▶ [Assignment]: If a line in the entries below includes "information", show that line.

▶ [Input for this task]:
★ ★ ★ ★
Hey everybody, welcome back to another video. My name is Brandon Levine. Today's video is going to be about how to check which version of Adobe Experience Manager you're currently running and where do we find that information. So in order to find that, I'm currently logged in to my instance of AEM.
★ ★ ★ ★
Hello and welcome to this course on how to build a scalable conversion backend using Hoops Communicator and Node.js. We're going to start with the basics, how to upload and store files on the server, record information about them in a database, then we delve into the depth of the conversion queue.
★ ★ ★ ★
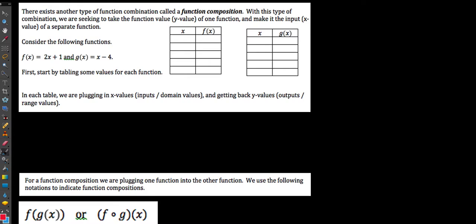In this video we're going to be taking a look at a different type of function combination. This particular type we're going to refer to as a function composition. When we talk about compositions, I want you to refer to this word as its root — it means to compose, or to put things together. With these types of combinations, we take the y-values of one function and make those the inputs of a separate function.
★ ★ ★ ★
▶ [Answer space]:
Hey everybody, welcome back to another video. My name is Brandon Levine. Today's video is going to be about how to check which version of Adobe Experience Manager you're currently running and where do we find that information. So in order to find that, I'm currently logged in to my instance of AEM.
Hello and welcome to this course on how to build a scalable conversion backend using Hoops Communicator and Node.js. We're going to start with the basics, how to upload and store files on the server, record information about them in a database, then we delve into the depth of the conversion queue.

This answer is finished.